[[ AVAILABLE DATA, beginning ]]

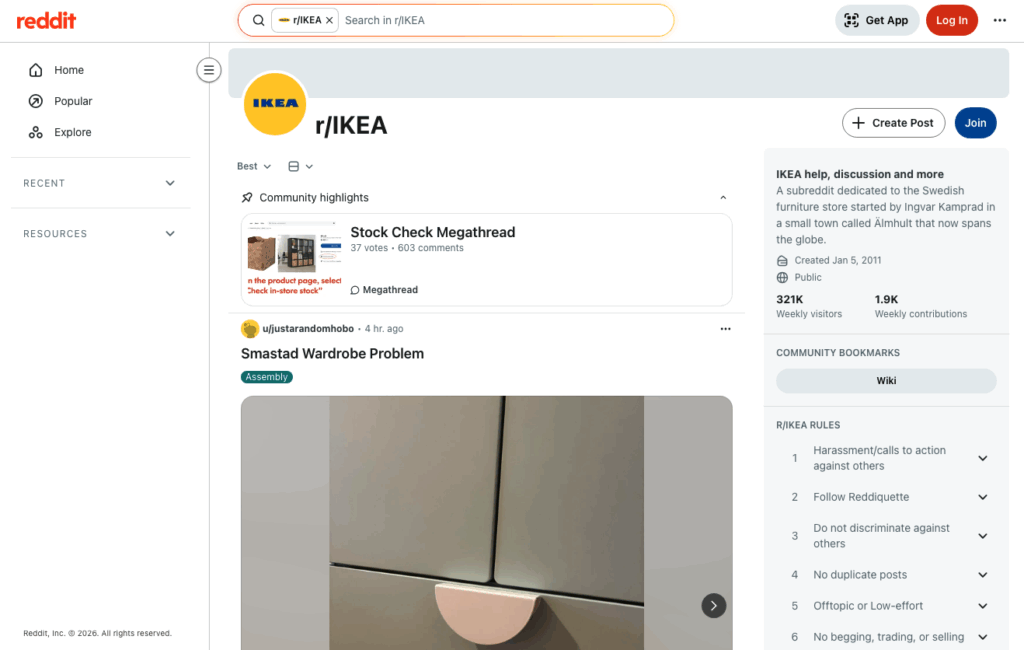 Screenshot of the IKEA subreddit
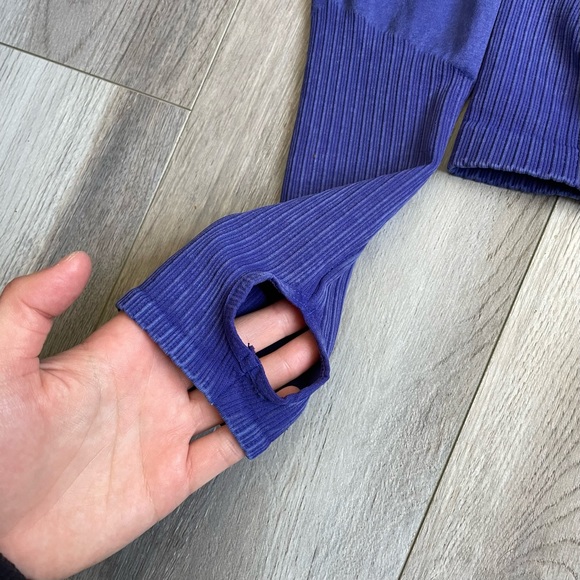 [SOLD] FP Movement Good Karma High-Neck Layer Workout Long Sleeve in Royal Blue - Picture 2 of 5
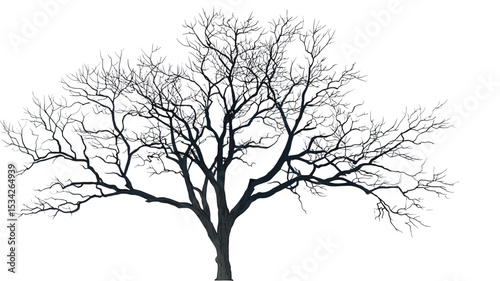
The image shows a bare tree against a stark white background. The tree appears to be leafless, indicating that it is likely winter or late fall.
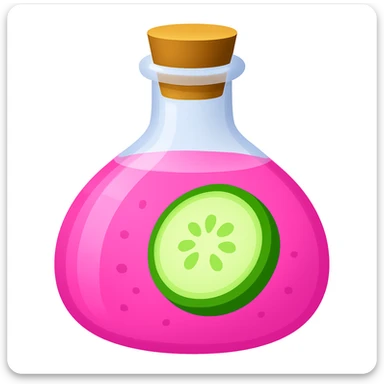 Create a pink potion in the same bottle shape as the reference image, with a cucumber slice inside, in emoji style. sticker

[[ AVAILABLE DATA, end ]]

**WHAT YOU SHOULD DO**
Pictures are to be left out; otherwise, copy exactly each line from the one containing "[SOLD] FP Movement" through the last line of the listing.

**TASK RESPONSE**
 [SOLD] FP Movement Good Karma High-Neck Layer Workout Long Sleeve in Royal Blue - Picture 2 of 5
The image shows a bare tree against a stark white background. The tree appears to be leafless, indicating that it is likely winter or late fall.
 Create a pink potion in the same bottle shape as the reference image, with a cucumber slice inside, in emoji style. sticker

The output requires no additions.